Growth (GDP)

“We are stealing the future, selling it in the present, and calling it GDP”

Paul Hawken

Why do we pursue growth? How has economic growth become positioned as the sole criterion of success? How much longer can we remain sheltered from the consequences of the growth myth?

Pursuing growth simply for its own sake is irresponsible, wasteful and destructive.

 

The maxims of Western growth economics are:

To maximise self interest

To maximise profits

To increase wealth

To increase our desire for material things

To maximise instrumental use

To saturate markets with goods to the utmost that market price will bear

Bigger is better

We must pay any price and do whatever is necessary to grow (increase Gross Domestic Product (GDP))

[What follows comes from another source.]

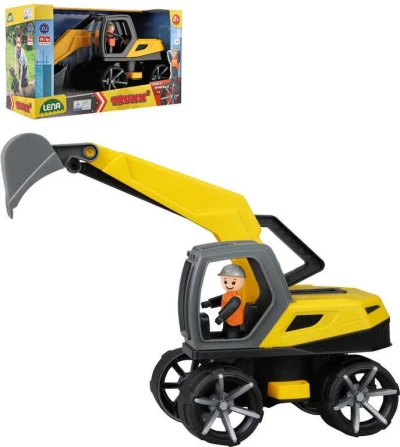 Lena TRUXX 2 auto bagger funkčný set s figúrkou plast v krabici Lena TRUXX 2 auto bagger funkčný set s figúrkou plast v krabici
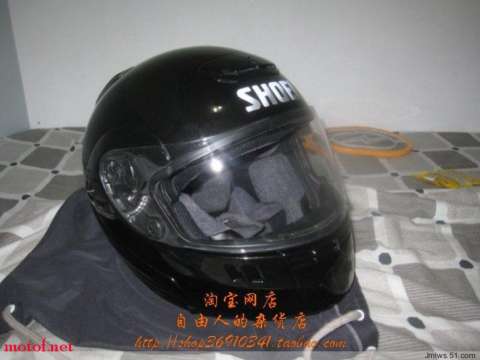 SHOEI黑色L碼揭面盔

The market is always right

In contrast a Buddhist Economic (BE) system would seek to:

Replace pursuit of self-interest with service to the needs of others

Replace pursuit of profits with minimisation of suffering

Replace never ceasing desires with contentedness and want for little

Replace the over production of goods with a focus on minimisation of harm

Replace bigger is better with small is beautiful

Replace growth of the economy with the growth of harmony and happiness (Gross National Happiness-GNH or Genuine Progress Indicator-GPI instead of GDP)

Sharing many of the undertones of a Buddhist perspective a Steady State Economic (SSE) system would:

Maintain the health of ecosystems and the life-support services they provide.

Extract renewable resources like fish and timber at a rate no faster than they can be regenerated.

Consume non-renewable resources like fossil fuels and minerals at a rate no faster than they can be replaced by the discovery of renewable substitutes.

Deposit wastes in the environment at a rate no faster than they can be safely assimilated.

If everyone embraced < = > many of the alternative objectives of both BE and SSE could be achieved.

Society would not collapse. The economy would simply be different. Our lives would become richer.

Traditional economists heavily criticise both of these alternatives as idealistic and unrealistic.

However, none of these very same critics cannot present a cogent or even rudimentary explanation of how we can pursue endless growth on a planet with finite resources and critical ecological limits.

If you like the sound of the alternatives become the change that you seek in the world. Your wallet is a powerful tool for change.